→ Brief descriptive captions:
- - -

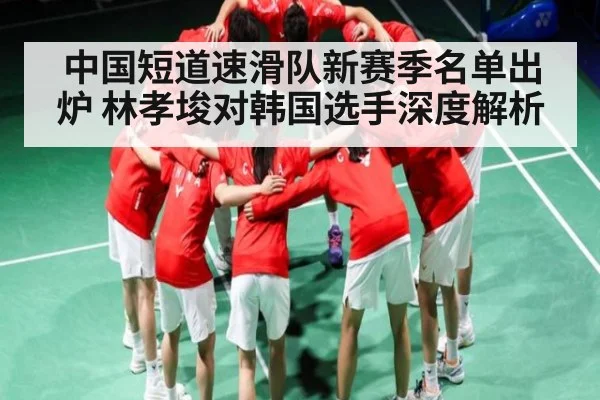 中国短道速滑队新赛季名单出炉 林孝埈对韩国选手深度解析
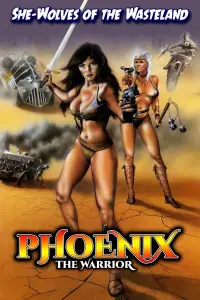 Poster to the movie "Phoenix the Warrior" #1034597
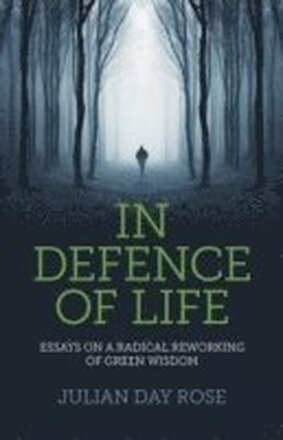 In Defence of Life Essays on a Radical Reworking of Green Wisdom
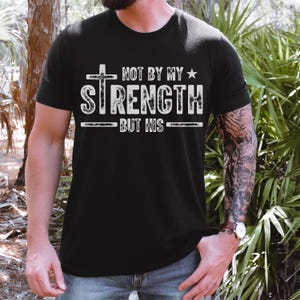 Christian Tee for Men, Bible Verse Shirt, Religious Shirts for Men, Easter Gift for Dad, Father&#39;s Day Gift for Him, Not by My Strength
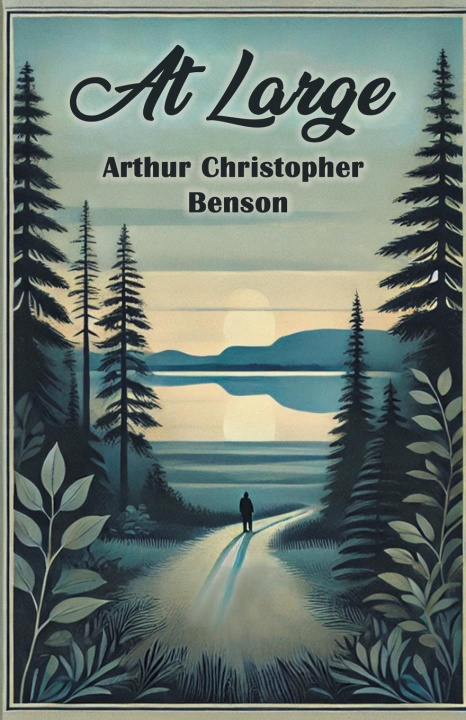 Kniha At Large Arthur Christopher Benson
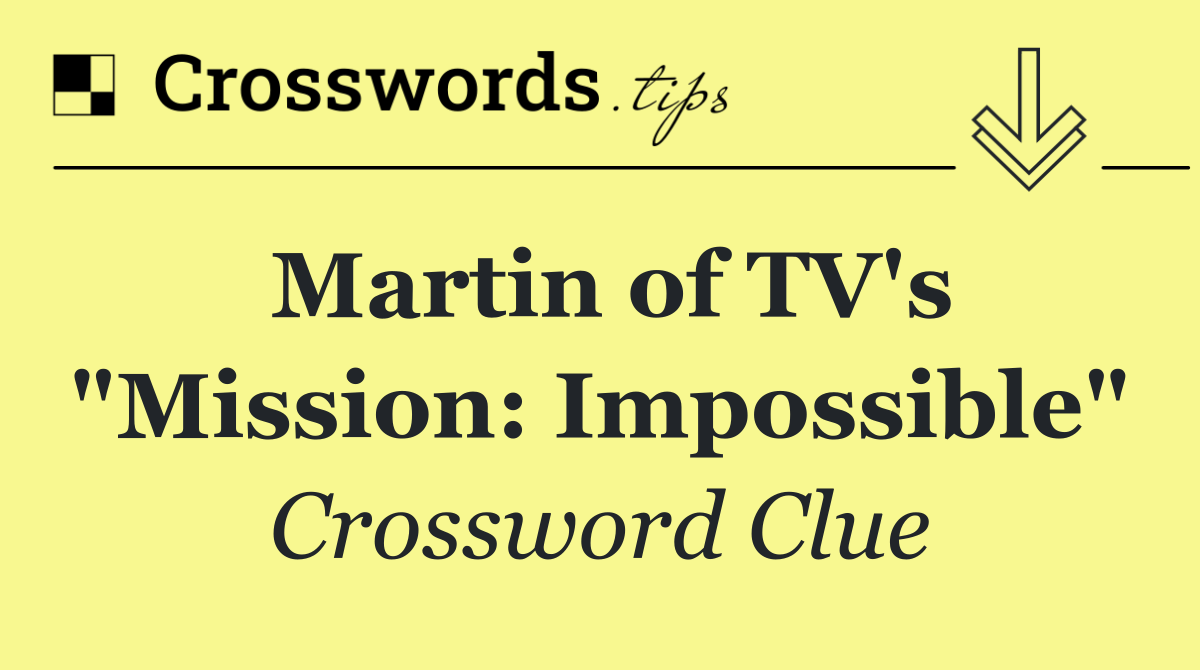 Martin of TV's "Mission: Impossible"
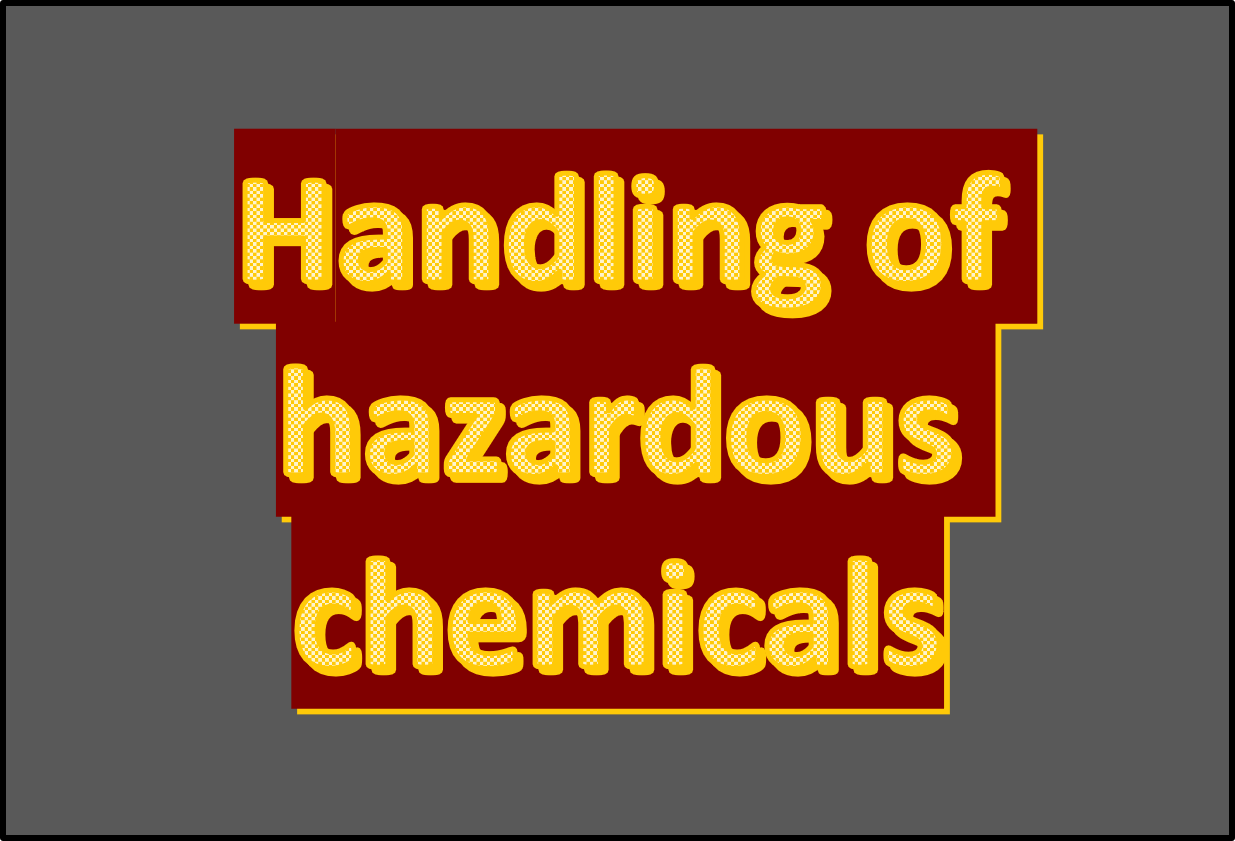 handling of hazardous chemicals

- - -

The entries are to be reproduced exactly, excluding any pictures they contain.

→ Your response:
 中国短道速滑队新赛季名单出炉 林孝埈对韩国选手深度解析
 Poster to the movie "Phoenix the Warrior" #1034597
 In Defence of Life Essays on a Radical Reworking of Green Wisdom
 Christian Tee for Men, Bible Verse Shirt, Religious Shirts for Men, Easter Gift for Dad, Father&#39;s Day Gift for Him, Not by My Strength
 Kniha At Large Arthur Christopher Benson
 Martin of TV's "Mission: Impossible"
 handling of hazardous chemicals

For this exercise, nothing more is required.